Appello col morto
Con sentenza emessa nel 2006 il Tribunale di Verona, sezione distaccata di Soave, condanna Zelindo a pagare a Saverio la somma di euro 25.822,84 in linea capitale nonché euro 30.329,94 oltre interessi nella misura legale dal 25 gennaio 2000.
Zelindo propone appello, cui resiste Saverio.
All’udienza del 28 novembre 2011 si costituiscono davanti alla corte d’appello di Venezia gli eredi di Saverio, deceduto dopo la costituzione in appello, nonché gli eredi di Zelindo.
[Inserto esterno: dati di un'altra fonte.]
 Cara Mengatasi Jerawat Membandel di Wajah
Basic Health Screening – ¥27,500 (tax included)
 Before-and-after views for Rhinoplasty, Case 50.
La corte d’appello di Venezia, con sentenza depositata il 10 maggio 2012, dichiara inammissibile l’appello, condannando gli eredi di Zelindo al pagamento delle spese processuali del secondo grado di giudizio in favore degli eredi di Saverio.
La corte d’appello rileva che, essendo incontroverso che Zelindo è deceduto nel corso del giudizio di primo grado, in data 14 ottobre 2005, l’atto di appello proposto a suo nome nel 2006 deve ritenersi giuridicamente inesistente. Infatti in relazione al giudizio di impugnazione non è invocabile il principio di ultrattività del mandato, trovando applicazione la disciplina sulla rappresentanza e sul mandato, ai sensi della quale la morte del mandante estingue il mandato. In particolare, la norma espressa dall’art. 300 del codice di procedura civile, che attribuisce al procuratore la possibilità di continuare a rappresentare in giudizio la parte che gli abbia conferito il mandato, anche se nel frattempo deceduta, va contenuta entro il rigoroso ambito ivi previsto, ossia nei limiti di quella fase del processo in cui si è verificato l’evento non dichiarato né notificato concernente il mandante, e non può espandersi nella successiva fase di quiescenza e di riattivazione del rapporto processuale.
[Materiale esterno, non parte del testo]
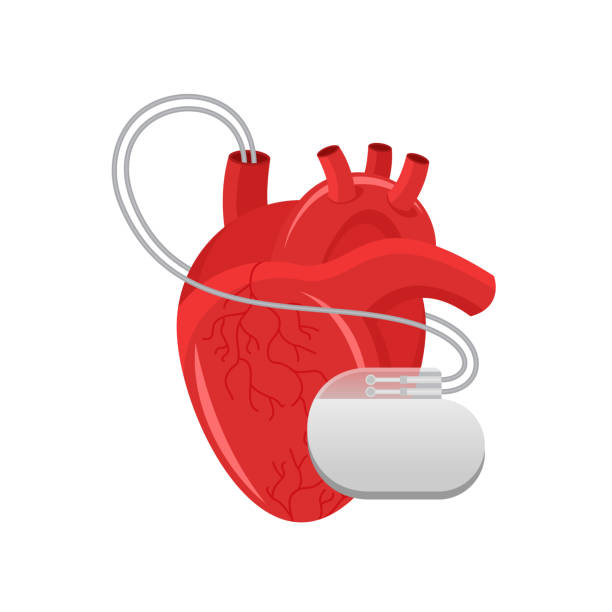 pacemaker - menschliches herz und kardioimplantat - herzschrittmacher stock-grafiken, -clipart, -cartoons und -symbole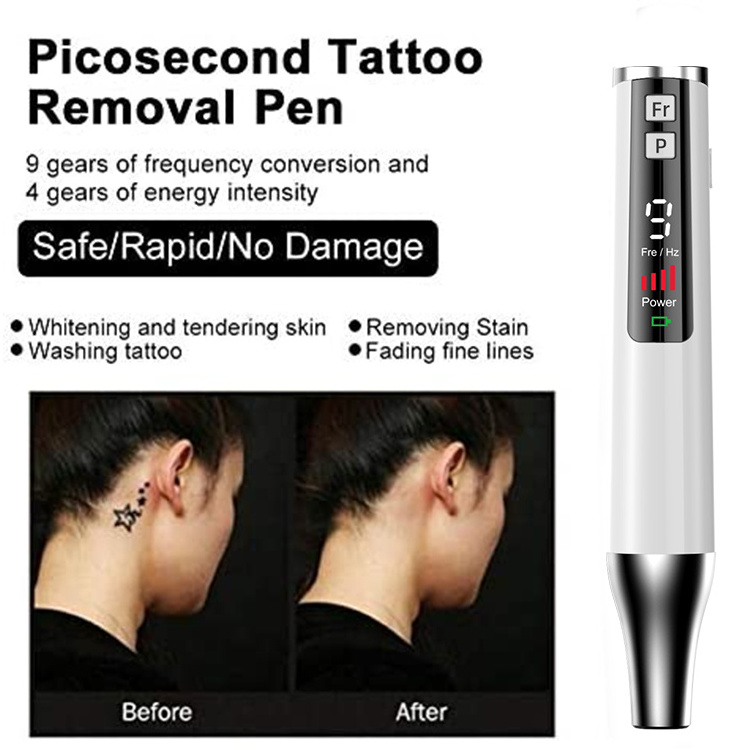 PAKISS Dark Spot Tattoo Removal 9 gears Red light Tattoo Pigment Scar plug-in Removal Picosecond laser pen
Gli eredi di Zelindo propongono ricorso per cassazione, che viene deciso dalla seconda sezione civile della corte di cassazione con sentenza n. 24440/16, depositata il 30 novembre 2016.
Il ricorso viene accolto in conseguenza di queste considerazioni.
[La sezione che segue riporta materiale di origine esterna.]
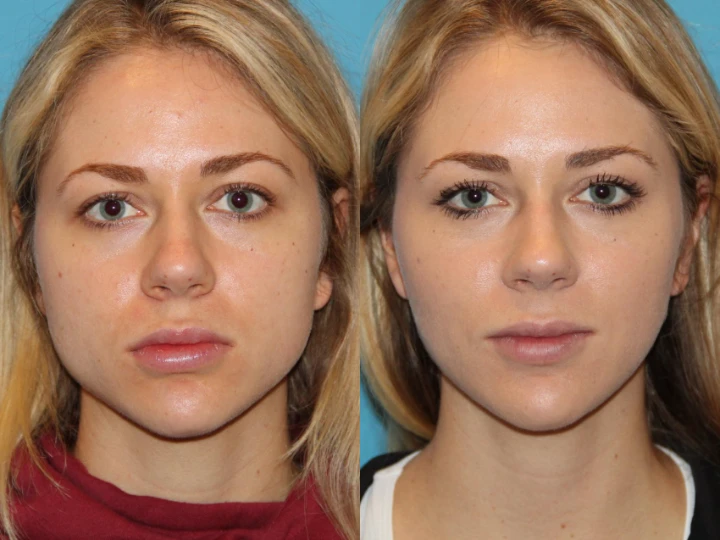 Botox Chin Before and After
«Secondo la giurisprudenza di questa Corte (Sez. Un., 4 luglio 2014, n. 15295), in caso di morte o perdita di capacità della parte costituita a mezzo di procuratore, l’omessa dichiarazione o notificazione del relativo evento ad opera di quest’ultimo comporta, giusta la regola dell’ultrattività del mandato alla lite, che il difensore continui a rappresentare la parte come se l’evento stesso non si fosse verificato, risultando così stabilizzata la posizione giuridica della parte rappresentata (rispetto alle altre parti ed al giudice) nella fase attiva del rapporto processuale, nonché in quelle successive di sua quiescenza od eventuale riattivazione dovuta alla proposizione dell’impugnazione. Tale posizione è suscettibile di modificazione qualora, nella fase di impugnazione, si costituiscano gli eredi della parte defunta o il rappresentante legale di quella divenuta incapace, ovvero se il suo procuratore, già munito di procura alla lite valida anche per gli ulteriori gradi del processo, dichiari in udienza, o notifichi alle altre parti, l’evento, o se, rimasta la medesima parte contumace, esso sia documentato dall’altra parte o notificato o certificato dall’ufficiale giudiziario ex art. 300, quarto comma, cod. proc. civ.. Quindi, la morte della parte costituita a mezzo di procuratore, dallo stesso non dichiarata in udienza o notificata alle altre parti, comporta, giusta la regola dell’ultrattività del mandato alla lite, che il medesimo procuratore, qualora originariamente munito di procura alla lite valida per gli ulteriori gradi del processo, è legittimato a proporre impugnazione in rappresentanza della parte che, deceduta, va considerata, nell’ambito del processo, tuttora in vita».
Perciò la corte cassa la sentenza impugnata e rinvia ad altra sezione della corte d’appello di Venezia, che dovrà pronunciarsi sul merito dell’appello proposto da Zelindo.